The Visit (2015) Poster


Complete credited cast:
Olivia DeJonge Olivia DeJonge
Ed Oxenbould Ed Oxenbould
Deanna Dunagan Deanna Dunagan
Peter McRobbie Peter McRobbie
Pop Pop
Kathryn Hahn Kathryn Hahn

Review- To say that expectations for his film were low is an understatement. The sole time that I saw a trailer for The Visit a member of the audience visibly groaned as soon as Shyamalan’s name appeared on the screen. And after watching the wretched thing I agreed with him completely.

I want to make one thing crystal clear. Since this is a self-written, self-funded (with money from After Earth-because that film hasn’t caused enough suffering), self-edited and self-produced film then Shyamalan has no-one to blame but himself for this.

Lets run down the positives…. and moving on.

This film lost me in the first five seconds and never really won me back. The reason is simple. The soundtrack. Whether you realize it or not, most horror films rely heavily on the soundtrack, a subtle heartbeat, the sound of violins, even pianos can come together to cause a sense of dread in the audience. Preparing them for whats about to happen.

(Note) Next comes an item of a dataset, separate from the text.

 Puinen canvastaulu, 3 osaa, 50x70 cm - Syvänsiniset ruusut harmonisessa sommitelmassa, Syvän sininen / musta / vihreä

The Visit starts with the music from a cheesy 50’s B movie. Before launching straight into a massive exposition dump.

This is a found footage film, the reason given is that two children are going to meet their grandparents for the first time. The older one (played rather well by Olivia DeJonge) is an aspiring film maker and wants to document the visit. It works as the central idea, unfortunately, the character has the habit of talking like a 30 year old film student and I didn’t feel in the least attached to her. Her younger brother (played by Ed Oxenbould) I would happily have flayed. He’s given exactly two traits, he raps and is scared of germs. Both of which are mentioned every 5 seconds.

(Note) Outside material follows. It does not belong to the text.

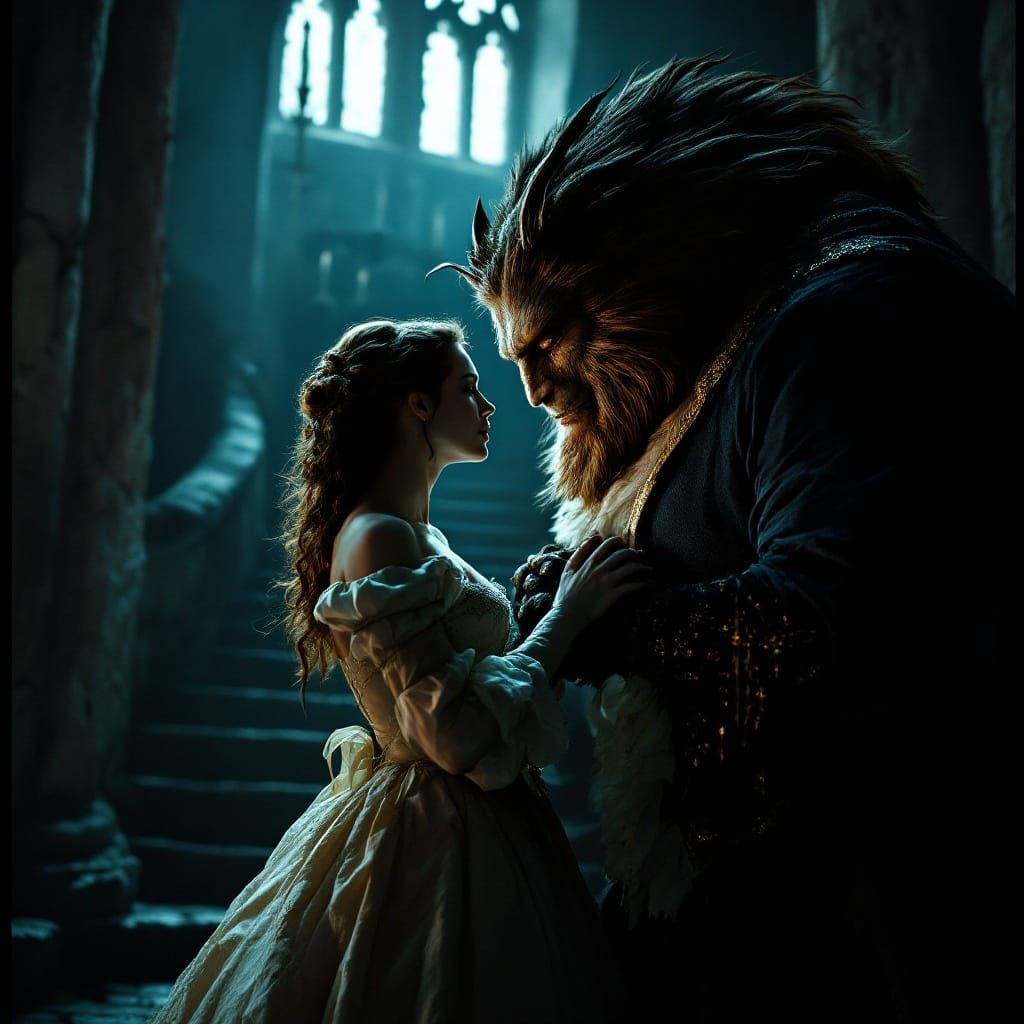 Dark Captive Beauty in a Haunting Castle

The elderly couple are quite believable and initially offer quite rational explanations for the events in the house, until the second half when it all goes sideways.

Allegedly, Shyamalan filmed 3 versions of this film: A straight horror (except this film isn’t scary), a straight comedy (it’s not funny) or a mixture of the two genres (which I believe was released.) And the director’s wondering eye means that the films tone is all over the place. Scenes that should be scary get punctured by a joke and scenes that should be funny are played for scares. It’s all over the place.    

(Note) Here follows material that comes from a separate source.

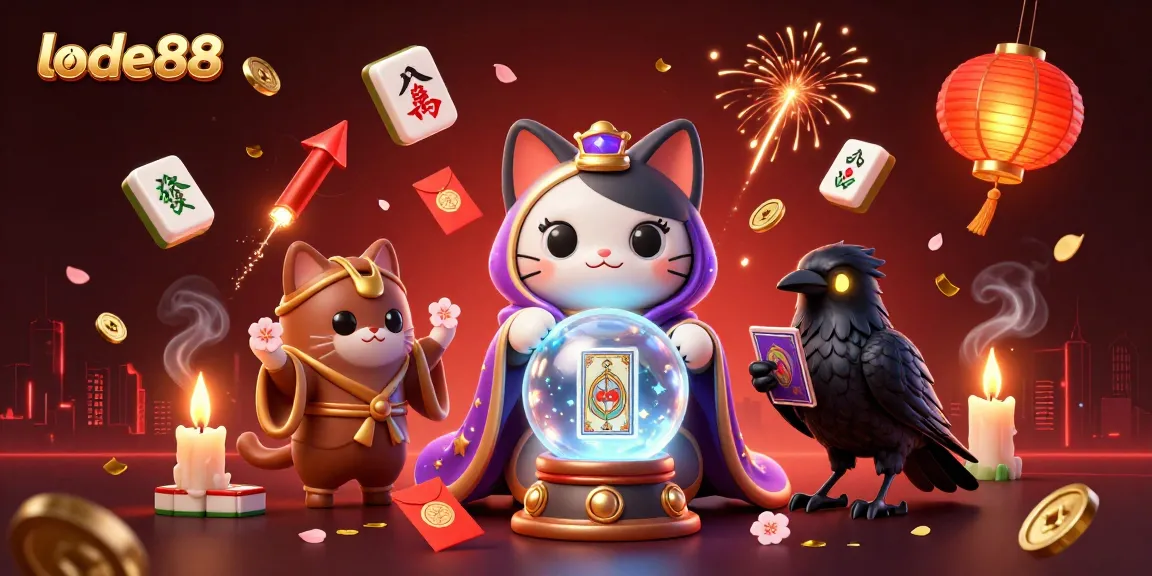 Engage with lode88 at a vibrant online casino illustrated scene featuring mystical characters.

None of the characters are believable in the way that they speak, act or behave.

And of course, there is THE TWIST. Now, imagine that you are writing a film about an elderly couple living in a farm in the middle of nowhere who summon their grandchildren (whom they have never met) and then beginning rather oddly at night. Now write THE TWIST. Congratulations! It’s a better twist than the one that was in this film which manged the impressive feat of creating more plot-holes than it solved.

So to sum up, its all over the place in tone, I didn’t care about the characters and THE TWIST creates more problems than it solved.